Davranış bilimleri yaklaşımının birçok bilim dalıyla ilgili olması, bu bilim dalının olayları ve olguları “'tünel bakış açısı”yla değil, çok geniş bir perspektiften değerlendirdiğini gösterir. Çünkü davranış bilimleri açısından olayların ve davranışların tek bir sebebi yoktur. Bir olay değişik perspektiflerden bakıldığında birçok faktöre bağlı olarak açıklanır. Bu nedenle pek çok bilimsel disiplinin davranış bilimlerinin açıklamasında kullanıldığını görmekteyiz.
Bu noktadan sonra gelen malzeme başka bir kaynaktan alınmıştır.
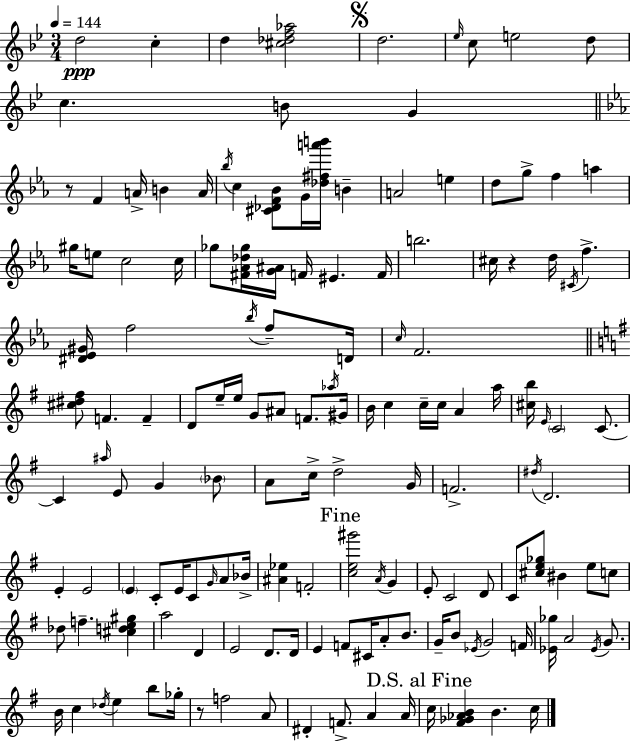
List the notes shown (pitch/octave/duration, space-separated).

D5/h C5/q D5/q [C#5,Db5,F5,Ab5]/h D5/h. Eb5/s C5/e E5/h D5/e C5/q. B4/e G4/q R/e F4/q A4/s B4/q A4/s Bb5/s C5/q [C#4,Db4,F4,Bb4]/e G4/s [Db5,F#5,A6,B6]/s B4/q A4/h E5/q D5/e G5/e F5/q A5/q G#5/s E5/e C5/h C5/s Gb5/e [F#4,Ab4,Db5,Gb5]/s [G4,A#4]/s F4/s EIS4/q. F4/s B5/h. C#5/s R/q D5/s C#4/s F5/q. [D#4,Eb4,G#4]/s F5/h Bb5/s F5/e D4/s C5/s F4/h. [C#5,D#5,F#5]/e F4/q. F4/q D4/e E5/s E5/s G4/e A#4/e F4/e. Ab5/s G#4/s B4/s C5/q C5/s C5/s A4/q A5/s [C#5,B5]/s E4/s C4/h C4/e. C4/q A#5/s E4/e G4/q Bb4/e A4/e C5/s D5/h G4/s F4/h. D#5/s D4/h. E4/q E4/h E4/q C4/e E4/s C4/e G4/s A4/e Bb4/s [A#4,Eb5]/q F4/h [C5,E5,G#6]/h A4/s G4/q E4/e C4/h D4/e C4/e [C#5,E5,Gb5]/e BIS4/q E5/e C5/e Db5/e F5/q. [C#5,D5,E5,G#5]/q A5/h D4/q E4/h D4/e. D4/s E4/q F4/e C#4/s A4/e B4/e. G4/s B4/e Eb4/s G4/h F4/s [Eb4,Gb5]/s A4/h Eb4/s G4/e. B4/s C5/q Db5/s E5/q B5/e Gb5/s R/e F5/h A4/e D#4/q F4/e. A4/q A4/s C5/s [F#4,Gb4,Ab4,B4]/q B4/q. C5/s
Sıralamak gerekirse davranış bilimleri; tıpta davranış bilimleri, sporda davranış bilimleri, askeriyede davranış bilimleri, hemşirelikte davranış bilimleri, ailede davranış bilimleri, eğitim bilimlerinde davranış bilimleri, mühendislikte davranış bilimleri, sanayide davranış bilimleri, hizmet sektöründe davranış bilimleri sayılabilir. Bu ilgi alanları aynı zamanda davranış bilimleri; sadece psikoloji, sosyoloji, sosyal psikoloji ve antropoloji disiplinleriyle değil, sosyal bilimlerin neredeyse tüm alanlarıyla ilgili bir bilimler grubu özelliği göstermektedir.